_EXERCISE AIM:_
The pictures get dropped, while every remaining part of the listing is copied exactly.
**** DATA BLOCK ****
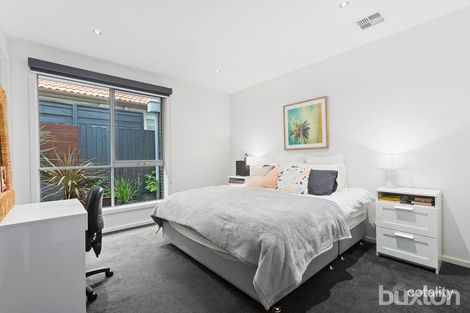 Property photo of 9A Warland Road Hampton East VIC 3188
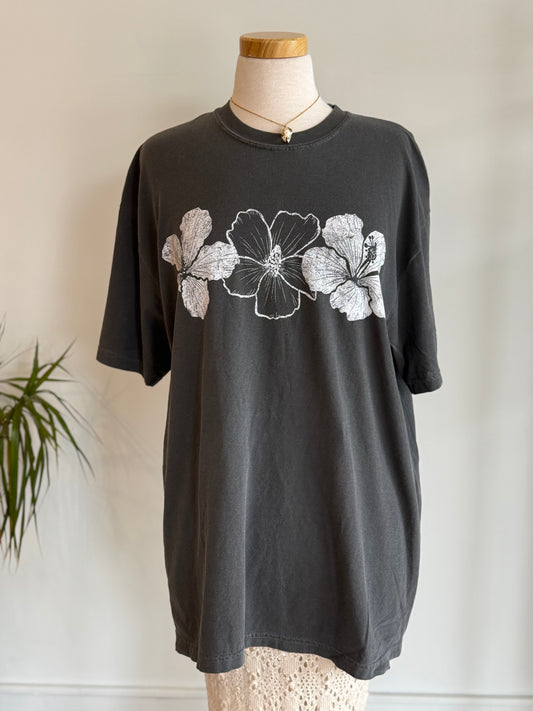 Hibiscus Vintage Oversized Tee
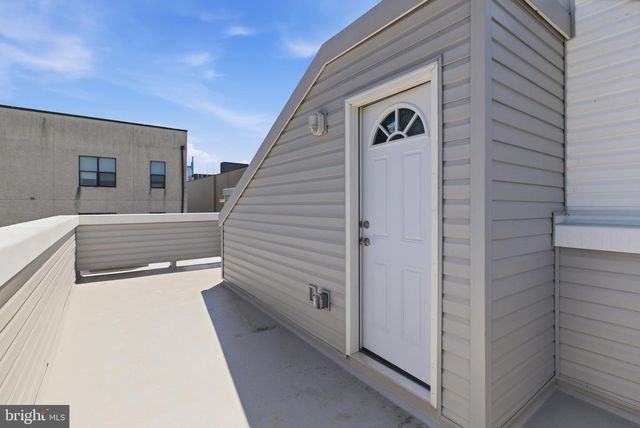 1511 W FLORA ST, Philadelphia, PA 19121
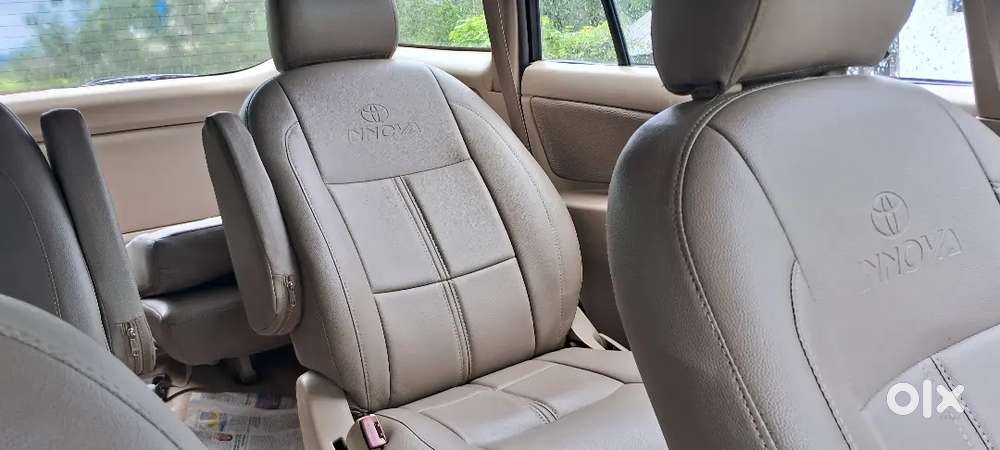 Toyota Innova Petrol Full Option V 2005 Neet N Clean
****
_ANSWER SPACE:_
 Property photo of 9A Warland Road Hampton East VIC 3188
 Hibiscus Vintage Oversized Tee
 1511 W FLORA ST, Philadelphia, PA 19121
 Toyota Innova Petrol Full Option V 2005 Neet N Clean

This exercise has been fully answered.